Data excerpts
====================

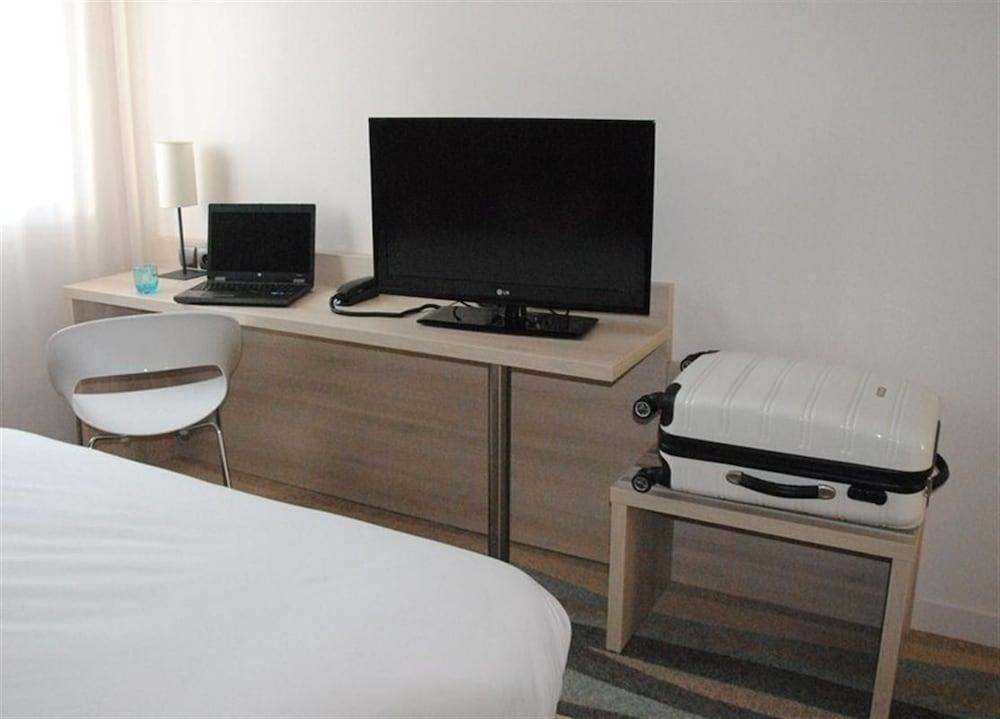 Brit Hotel Vendee Mer Les Achards  Eksteriør billede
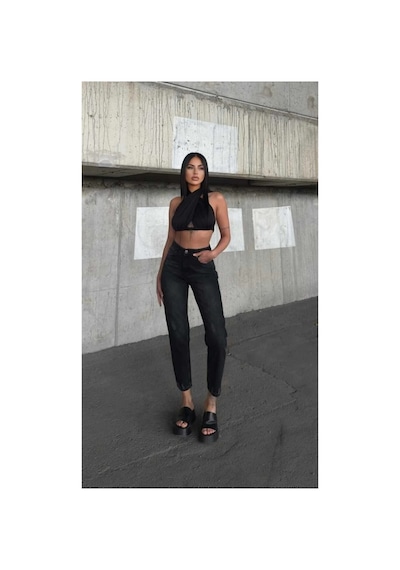 Kene Jeans Yüksek Bel Siyah İşlemli Tam Kalıp Lazer Yırtık Mom Jeans Siyah İşlemli
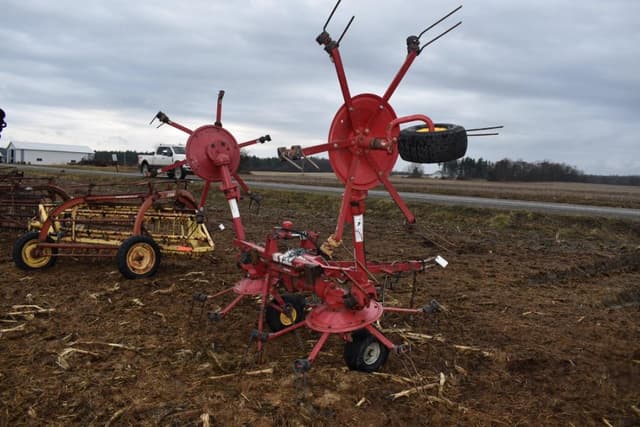 Image of New Holland NH163H equipment image 2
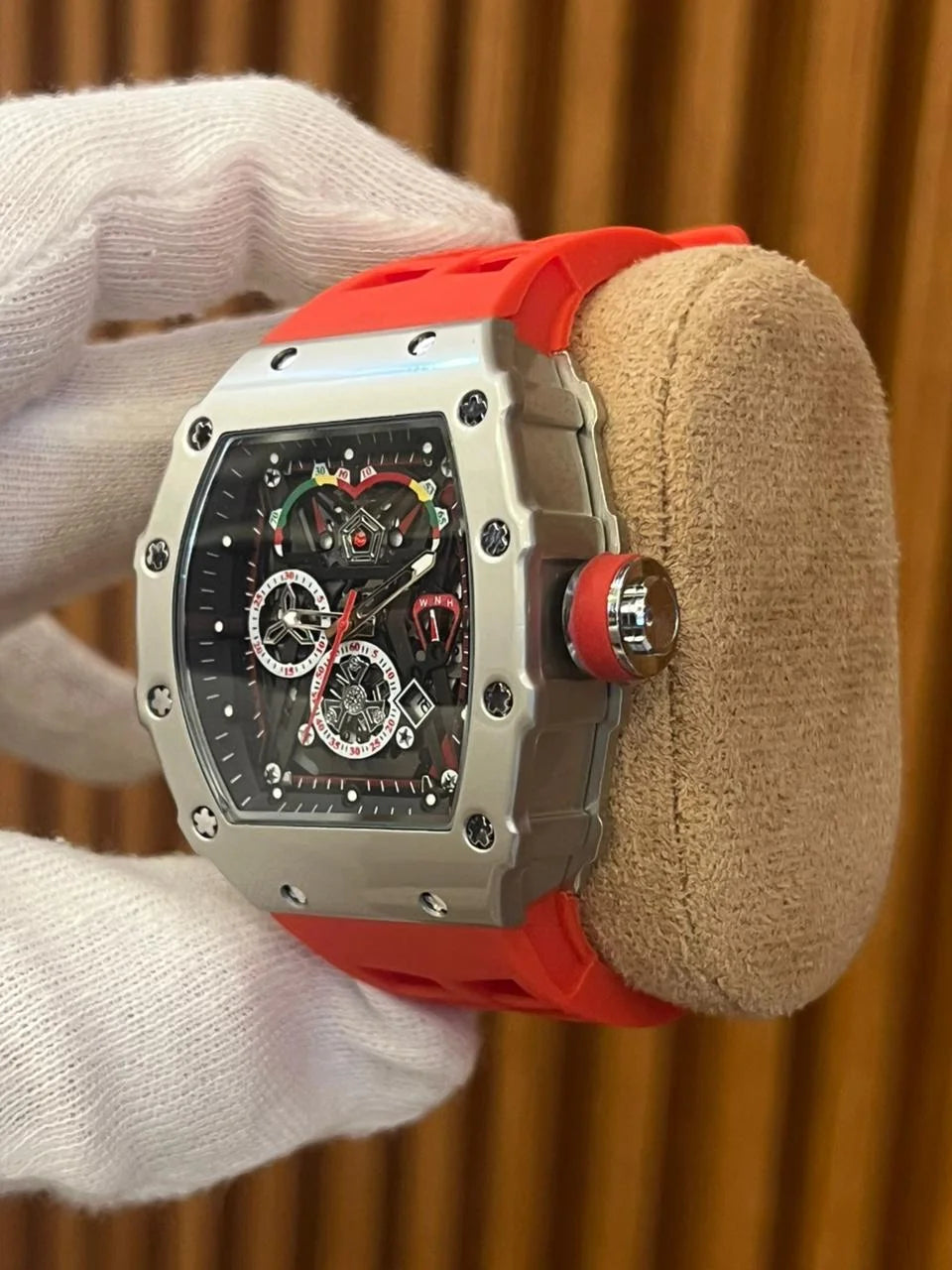 Ultimate Luxury Wristwear – Har Nazar Aap Par!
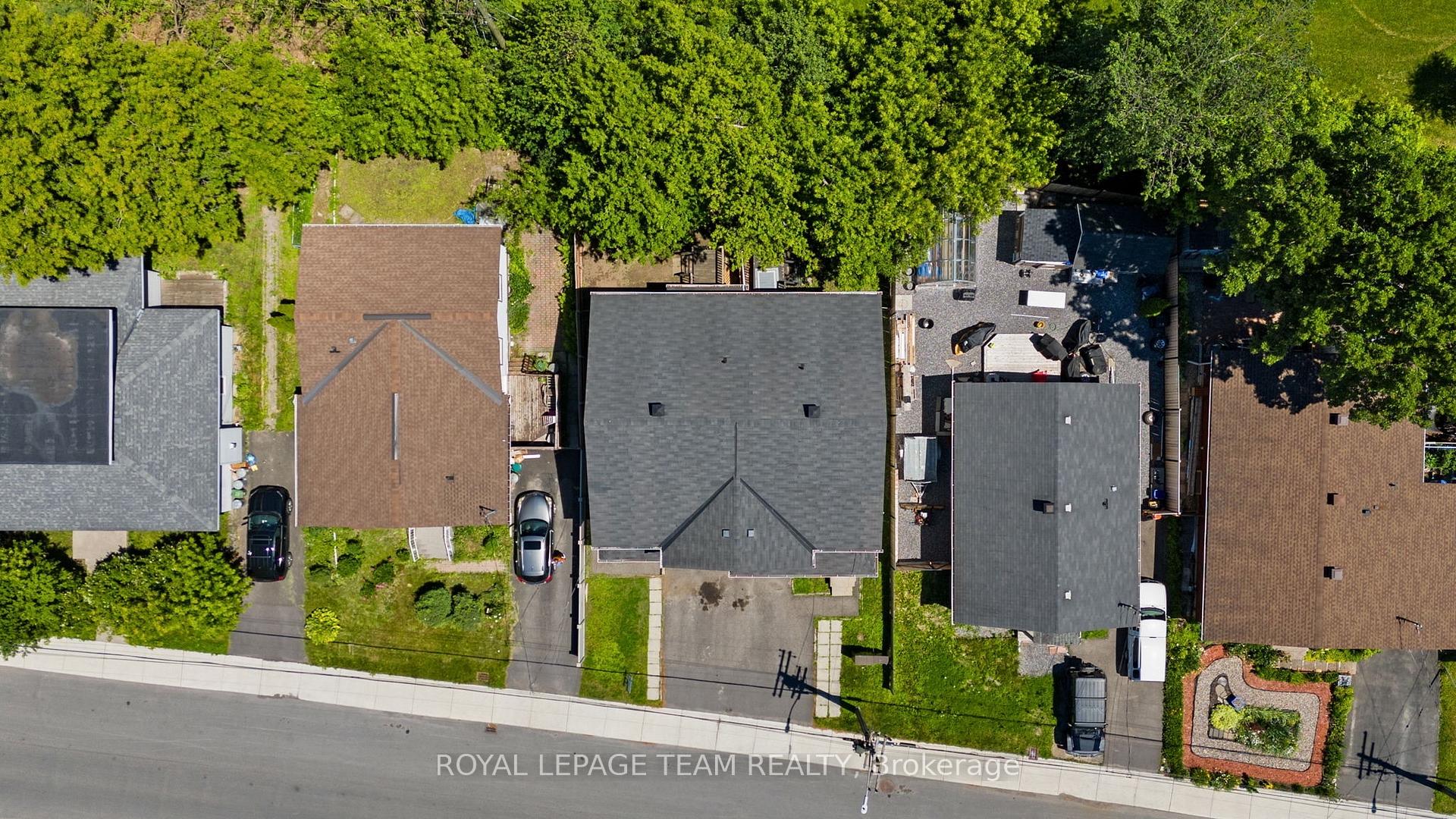 Photo 36 of 1991 Banff Avenue, Ottawa, Ellwood — HOMEH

====================

What is needed is an exact repeat of the lines from the one containing "Ultimate Luxury Wristwear" through the last line of the records above, both included, with pictures left out.

_OUTPUT FOR THIS EXERCISE_.
 Ultimate Luxury Wristwear – Har Nazar Aap Par!
 Photo 36 of 1991 Banff Avenue, Ottawa, Ellwood — HOMEH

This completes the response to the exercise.